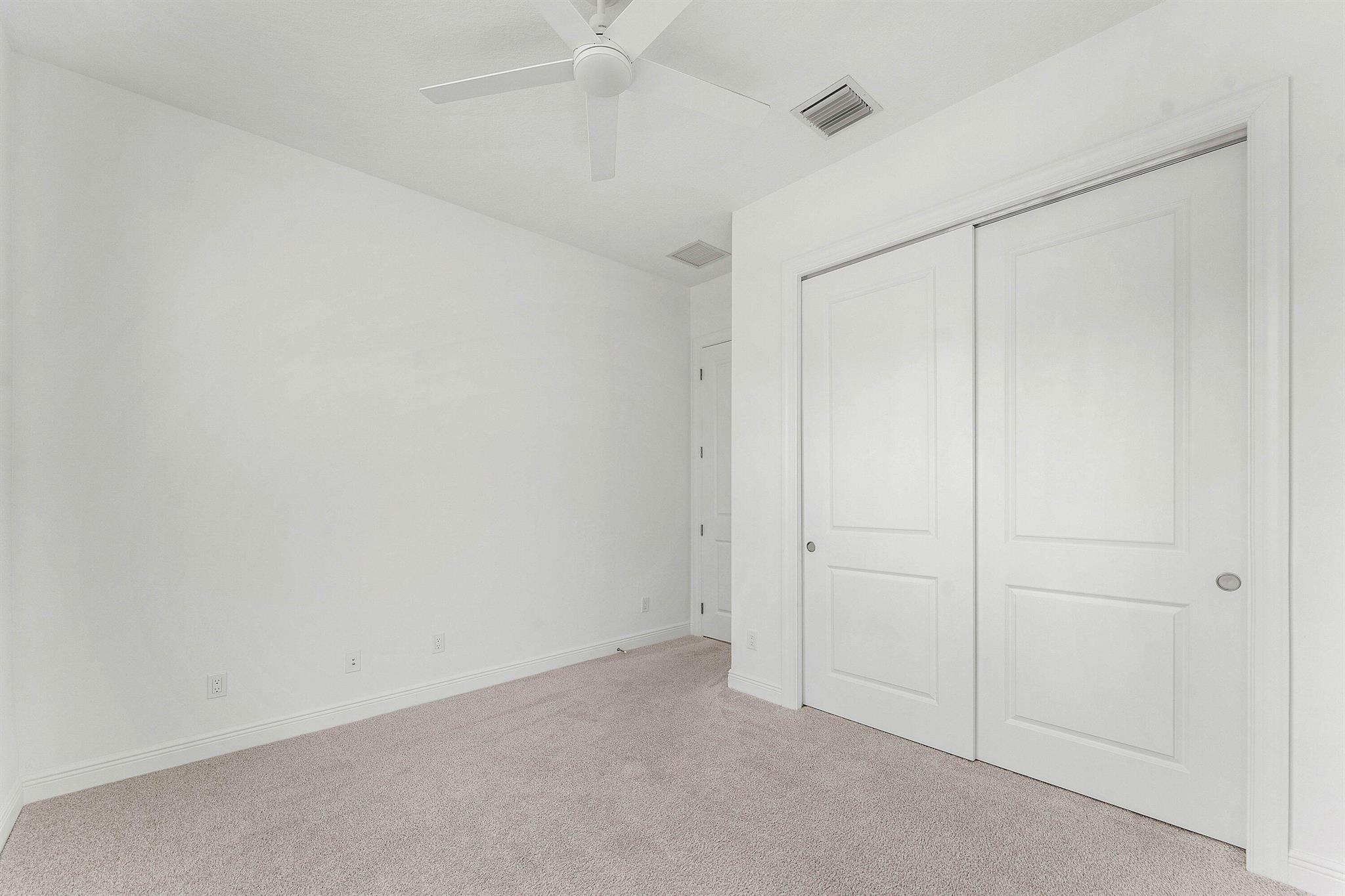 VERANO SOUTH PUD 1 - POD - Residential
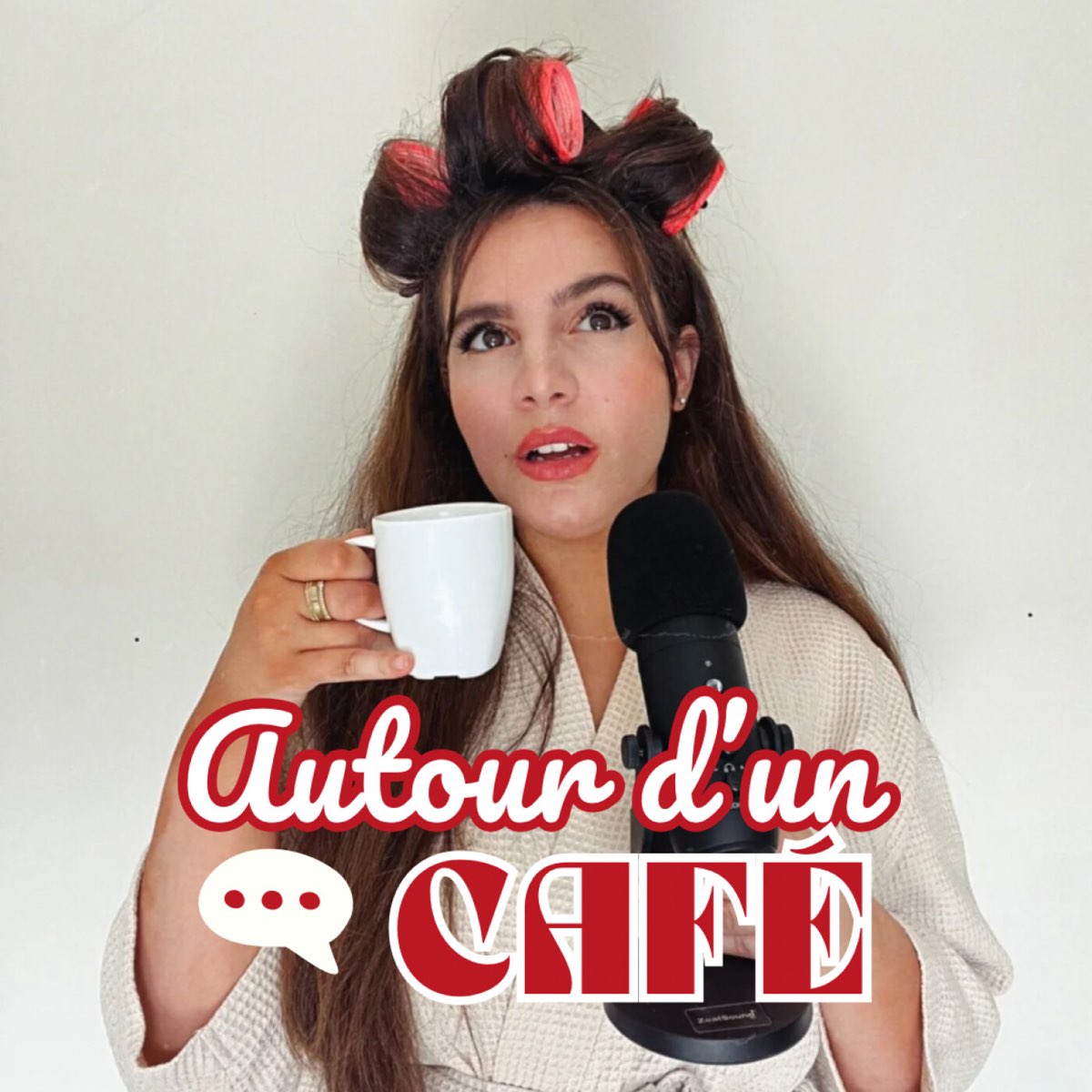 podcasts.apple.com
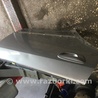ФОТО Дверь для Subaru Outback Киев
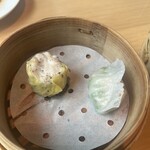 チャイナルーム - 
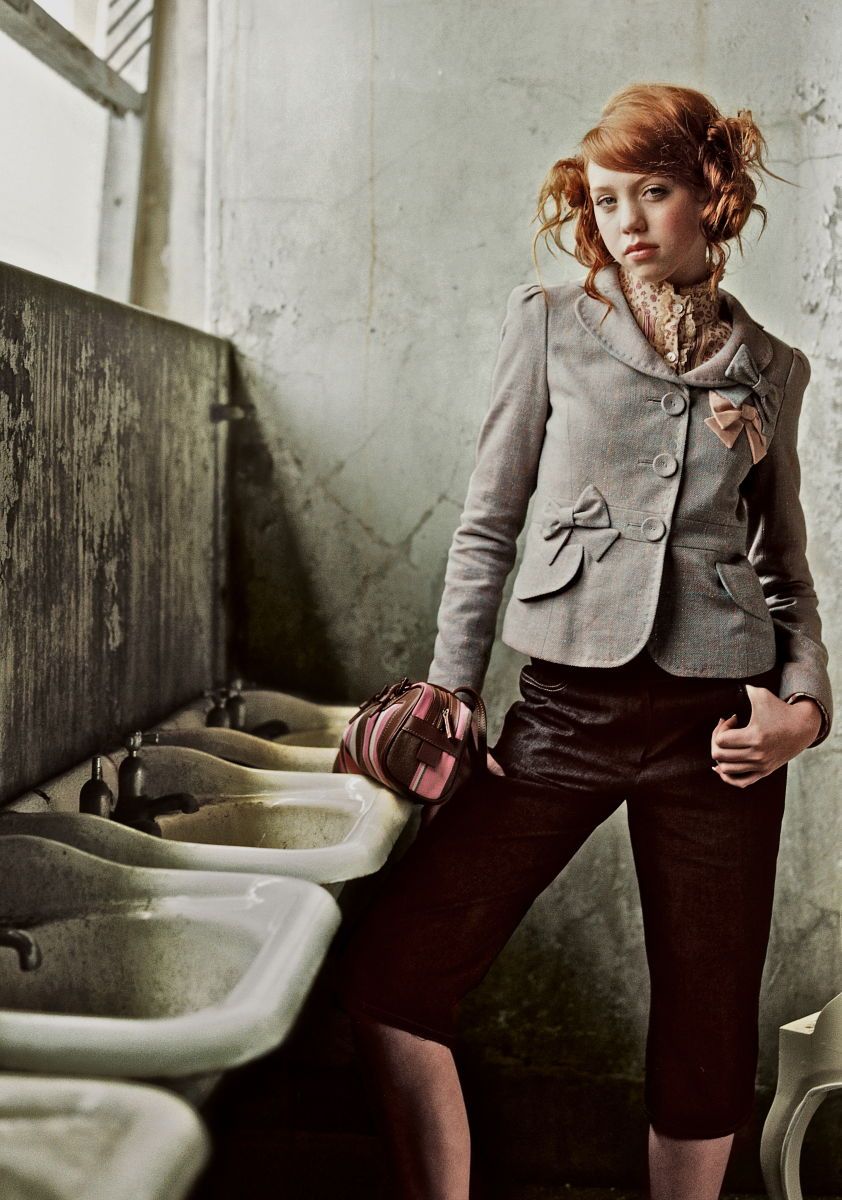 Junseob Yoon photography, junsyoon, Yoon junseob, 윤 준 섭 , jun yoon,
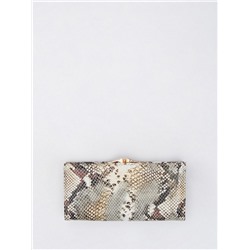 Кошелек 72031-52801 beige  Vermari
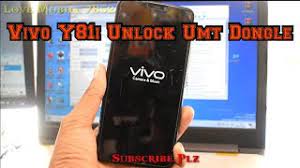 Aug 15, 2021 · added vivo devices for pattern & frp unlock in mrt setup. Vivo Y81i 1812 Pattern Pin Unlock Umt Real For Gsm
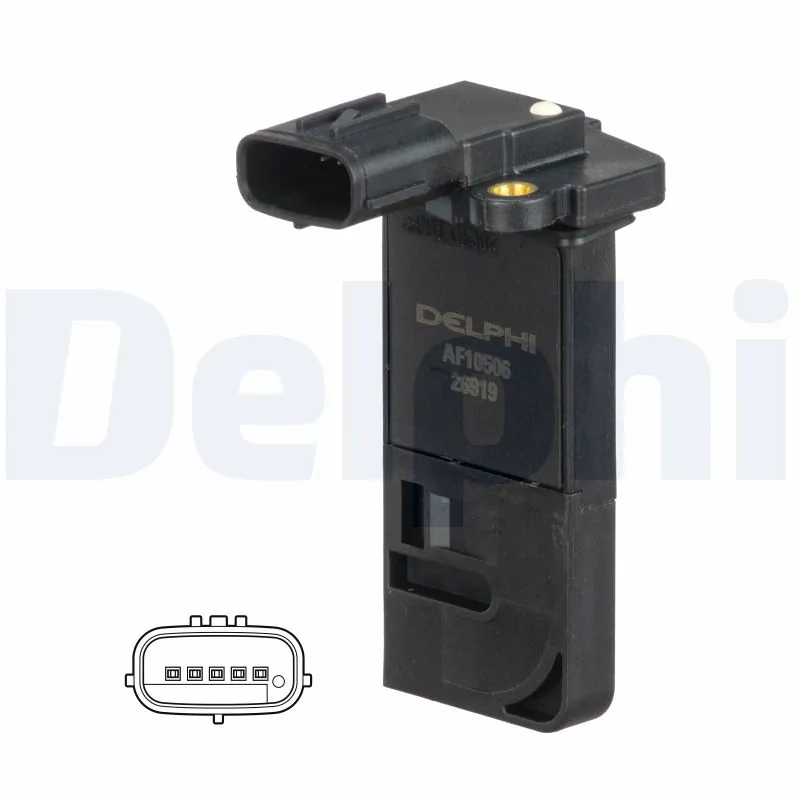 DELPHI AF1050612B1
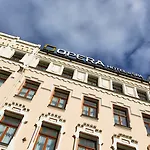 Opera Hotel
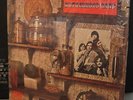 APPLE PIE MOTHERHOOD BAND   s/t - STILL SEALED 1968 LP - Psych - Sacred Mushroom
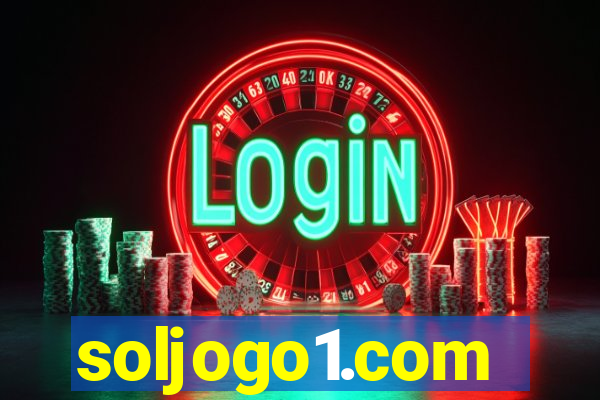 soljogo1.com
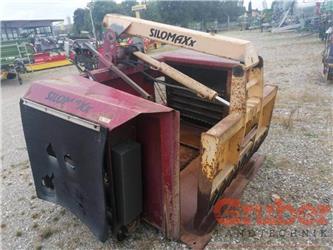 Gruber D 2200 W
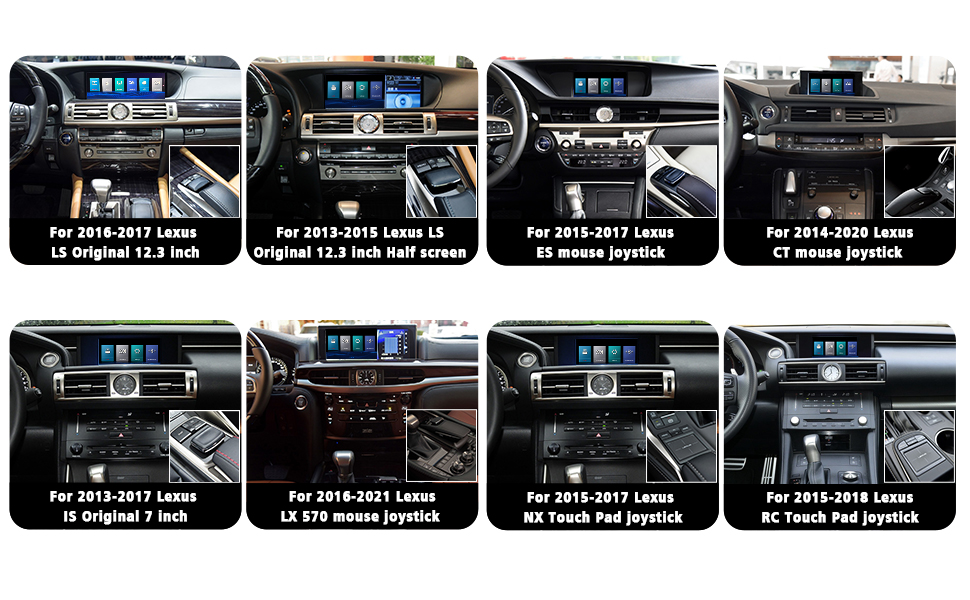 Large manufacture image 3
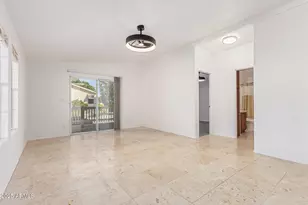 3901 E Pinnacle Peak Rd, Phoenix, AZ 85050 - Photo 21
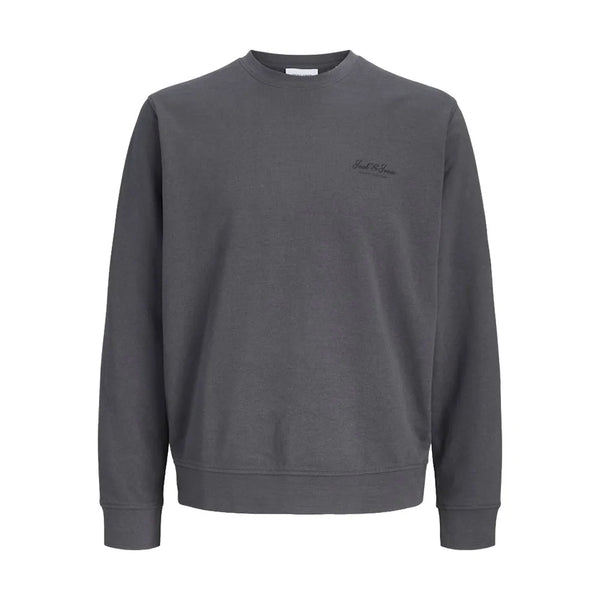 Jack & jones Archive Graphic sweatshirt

_____

◆ WHAT NEEDS TO BE DONE
Return only the lines from the one containing "Aug 15, 2021 ·" through the last line of the entries above, exactly as written and without pictures.

◆ REPLY
 Aug 15, 2021 · added vivo devices for pattern & frp unlock in mrt setup. Vivo Y81i 1812 Pattern Pin Unlock Umt Real For Gsm
 DELPHI AF1050612B1
 Opera Hotel
 APPLE PIE MOTHERHOOD BAND   s/t - STILL SEALED 1968 LP - Psych - Sacred Mushroom
 soljogo1.com
 Gruber D 2200 W
 Large manufacture image 3
 3901 E Pinnacle Peak Rd, Phoenix, AZ 85050 - Photo 21
 Jack & jones Archive Graphic sweatshirt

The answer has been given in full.